The fifth paper, by Carlyle, examines the conservation and restoration of oil paintings using Historically Accurate Reconstruction Techniques (HART) as “performative research”. By forcing the conservator to use exact techniques, applications, and materials, the approach requires the researcher to examine all of these aspects in detail, thus raising questions previously unconsidered.
The sixth paper, by Stols-Witlox, also considers the “performative” act in art restoration, developing the idea of retreatability, the reversal of previous restorations, and considering if we can better tell the story of conservation using digital visualization. Stols-Witlox ends on a most interesting question for those who seek to apply RRR: “Which do we consider to be the original? The aged three-hundred-year-old Rembrandt or the research-based ‘perfect’ copy of the painting as it must have left the artist’s studio?”
In the seventh paper, Hagendijk, Heering, Principe, and Dupre explore the use of RRR methods to teach undergraduates and graduates about “the exploratory nature of science” in Europe and the United States. They conclude that engagement with historical instruments, materials, and recipes exposes students to the sensory dimensions of experiments and creates opportunities for interdisciplinary collaborations that bridge the culture gap between the sciences and the humanities.
The eighth paper, by Vergunst, uses an anthropological lens to examine psychogeography (the study of the influence of the environment on the mind or on behavior), concluding that any act of replication should be “an attentive, place-aware gesture”. Vergunst robustly challenges the normative distinction between original and copy, encouraging us to question the “widely-held distinction between creativity, originality, and authenticity… and copying.”

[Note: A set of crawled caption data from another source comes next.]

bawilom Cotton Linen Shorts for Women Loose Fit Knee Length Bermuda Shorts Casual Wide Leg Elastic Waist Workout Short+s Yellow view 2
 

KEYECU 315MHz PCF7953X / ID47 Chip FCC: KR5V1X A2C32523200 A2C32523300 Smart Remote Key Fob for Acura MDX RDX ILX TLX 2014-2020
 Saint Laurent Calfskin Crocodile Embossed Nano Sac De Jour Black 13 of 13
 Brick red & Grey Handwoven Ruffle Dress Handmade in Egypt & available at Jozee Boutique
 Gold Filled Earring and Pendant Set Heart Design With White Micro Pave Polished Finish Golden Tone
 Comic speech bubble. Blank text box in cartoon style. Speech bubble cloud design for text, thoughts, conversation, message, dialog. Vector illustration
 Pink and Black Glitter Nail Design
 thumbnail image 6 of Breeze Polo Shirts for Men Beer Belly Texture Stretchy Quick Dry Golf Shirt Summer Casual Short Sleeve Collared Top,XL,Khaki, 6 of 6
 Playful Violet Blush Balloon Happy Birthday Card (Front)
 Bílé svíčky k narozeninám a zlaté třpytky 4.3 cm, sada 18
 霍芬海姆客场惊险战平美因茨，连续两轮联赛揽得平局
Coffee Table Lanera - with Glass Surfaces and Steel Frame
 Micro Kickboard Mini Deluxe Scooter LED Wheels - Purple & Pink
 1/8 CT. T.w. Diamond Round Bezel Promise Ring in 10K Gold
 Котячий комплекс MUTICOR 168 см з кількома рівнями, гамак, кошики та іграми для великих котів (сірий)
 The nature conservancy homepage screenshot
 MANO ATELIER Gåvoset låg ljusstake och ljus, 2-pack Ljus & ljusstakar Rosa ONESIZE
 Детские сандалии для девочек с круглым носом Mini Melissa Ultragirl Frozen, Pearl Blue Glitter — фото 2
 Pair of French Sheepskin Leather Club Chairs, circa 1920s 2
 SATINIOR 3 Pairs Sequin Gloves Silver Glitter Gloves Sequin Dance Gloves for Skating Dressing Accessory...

In the ninth paper in the volume, Lulof applies the chaîne opératoire approach to the use of 3D technologies in the reconstruction of 6th century BC Acquarossa (Italy). Lulof demonstrates how 3D reconstruction allows uncertainty and change over time to be recorded, recommending digital publication as a new format that supports the perpetual evaluation and development of reconstructions.
In the tenth and final paper, Sibum explores the notion of “historically embodied gestural knowledge”. By reconstructing historically accurate objects of an experiment (in this case James Joule’s paddle-wheel), and then performing said experiment, Sibum aims to gain insight into scientific practice and change.
This volume’s fundamental strength is its encouragement to the reader to think critically and broadly about the role of RRR in understanding and engaging with the past. However, the very breadth of the approach can feel overwhelming. While the introduction does an admirable job of orientating the reader, a concluding chapter that draws together the complex threads of RRR and points our future directions in the field is perhaps a missing component. On the other hand, the two indexes at the end of the volume are extremely useful aids to the reader: one focuses specifically on RRR terminology and the other on more general keywords. Ultimately, this volume is a valuable addition to the bookshelves of both academics and practitioners in a wide range of fields, from the sciences to the humanities.
Dupré, S., Harris, A., Kursell, J., Lulof, P., and Stols-Witlox, M. 2020. Reconstruction, Replication, and Re-enactment in the Humanities and Social Sciences. Amsterdam University Press B.V., Amsterdam.